Here, this absence of a straightforward relationship is highlighted by the diversity in relationships between magnitudes of morphological integration and disparity across a sample of closely related species. Furthermore, the results discussed here clearly demonstrate that patterns of modularity are themselves evolvable and responsive to selection, and repartitioning of modules may occur to accommodate strong selection for functional and morphological changes [1,27,76-81].

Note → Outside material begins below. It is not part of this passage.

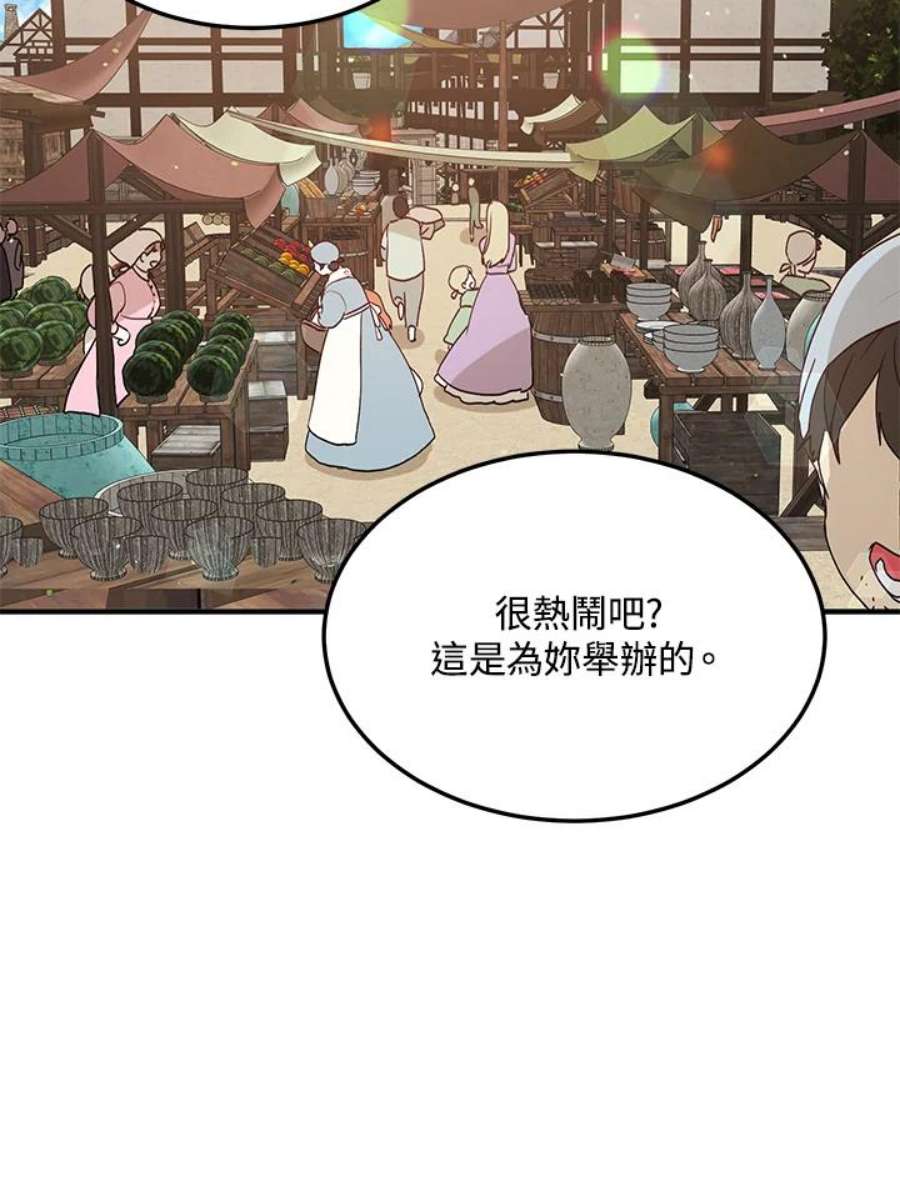 公爵中了爱情魔咒93话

In conclusion, we have shown that the patterns of cranial phenotypic modularity are not uniform across the three families of pinnipeds. Importantly, the variation in pattern of modularity may reflect differences in time since divergence of the extant members of Otariidae and Phocidae, or with the shift towards a more specialized aquatic niche and generally greater ecological diversity in phocids. Additionally, we have shown that there is no uniform relationship between magnitude of morphological integration and amount of disparity in individual modules both across and within pinniped families. Whereas there is no obvious correlation between those two variables for species that follow either the six-cluster or the functional models of modularity, there was a direct and positive correlation for those under the ‘face and neurocranium’ model. Finally, we suggest that the increased ecological specialization observed in phocids may have driven the multiple shifts in the pattern of cranial modularity that is otherwise conserved in most therian mammals, including the other pinniped clades.